Foreign Secretary Liz Truss defends private flight to Australia which ‘cost taxpayers £500,000’

Liz Truss insisted government decisions are based on 'value for money.' Credit: PA

Foreign Secretary Liz Truss has has defended chartering a private jet to Australia after reports estimated the journey would have cost taxpayers around £500,000.

Critics said the move was a “grotesque misuse” of public money, but Ms Truss said the government plane was available “precisely so that government ministers can travel”.Asked if it would not have been better to fly on a commercial airline, she insisted all government decisions are based on “value for money".

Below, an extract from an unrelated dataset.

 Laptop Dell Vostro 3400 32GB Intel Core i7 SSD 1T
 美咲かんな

“Well, every government decision is based on value for money, we have a government plane specifically so ministers like me in my role as foreign secretary can go and do work overseas, which is ultimately delivering for the British people,” she said.

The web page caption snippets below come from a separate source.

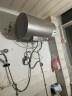 海尔智家出品Leader 60升电热水器家用储水式 速热大水量一级能效安全节能 LEC6001-LD5金【以旧换新】 晒单实拍图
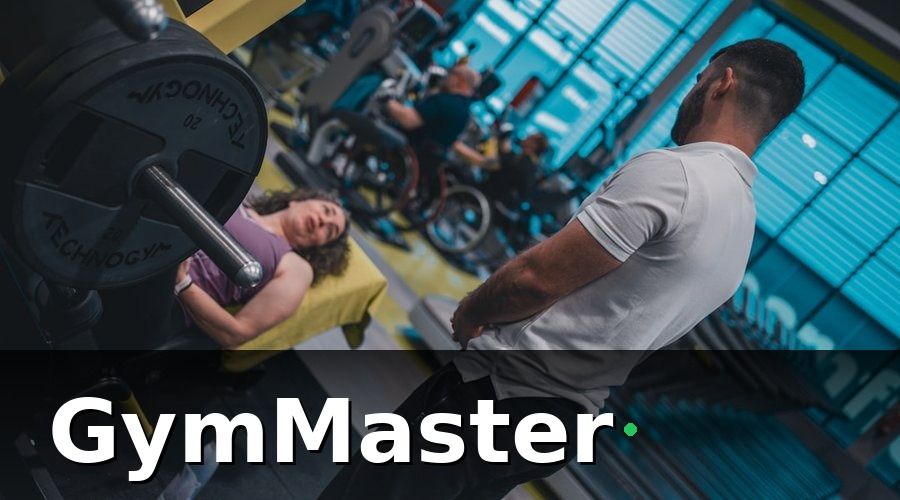 GymMaster — Làm thế nào để triển khai loyalty program hiệu quả?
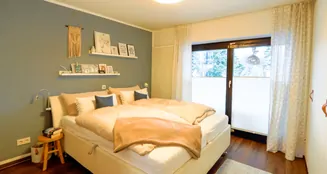 von_poll_real_estate_property_25076013-1_image_8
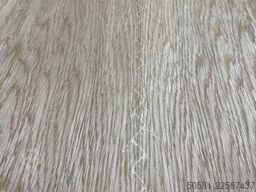 Kuper FWS 1250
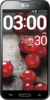 Смартфон LG Optimus G Pro E988 - Аргун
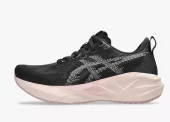 Asics NOVABLAST 5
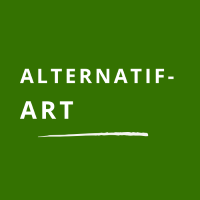 alternatif-art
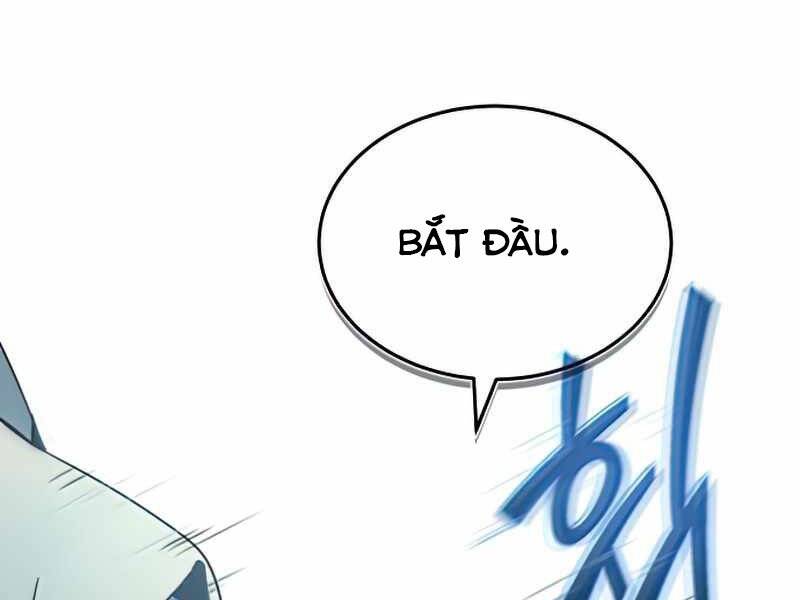 Thiên Quỷ Chẳng Sống Nổi Cuộc Đời Bình Thường Chap 25 - Next Chap 26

The Independent reported the foreign secretary had opted for the private flight for her trip last week due to security concerns, although commercial flights were available.

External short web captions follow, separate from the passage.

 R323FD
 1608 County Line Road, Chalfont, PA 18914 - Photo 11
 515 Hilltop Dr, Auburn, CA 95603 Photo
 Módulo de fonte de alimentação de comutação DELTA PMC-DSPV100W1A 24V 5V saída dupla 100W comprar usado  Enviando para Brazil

The newspaper said she had travelled on the private government Airbus A321, which a senior source told them would have cost £500,000 to operate.

The Foreign Office said the trip was within the rules set by the ministerial code.

Officials said using the private jet allowed the trip’s delegation to travel together and have private discussions on sensitive security matters, that commercial flights were fully booked, and that using a commercial flight would have separated Ms Truss from her delegation and protection team.

It also gave Ms Truss the option of returning to the UK early if needed, it is understood.

But Labour’s deputy leader Angela Rayner said the use of the private jet showed “the public exactly quite how little respect this Conservative government has for taxpayers’ money.”

Foreign Secretary, Liz Truss arrives in Downing Street, London Credit: Stefan Rousseau/PA

She said: “It is obscene that government ministers are jet setting yet are hiking taxes and refusing to do anything to help working families when they are feeling the pinch of the cost of living crisis.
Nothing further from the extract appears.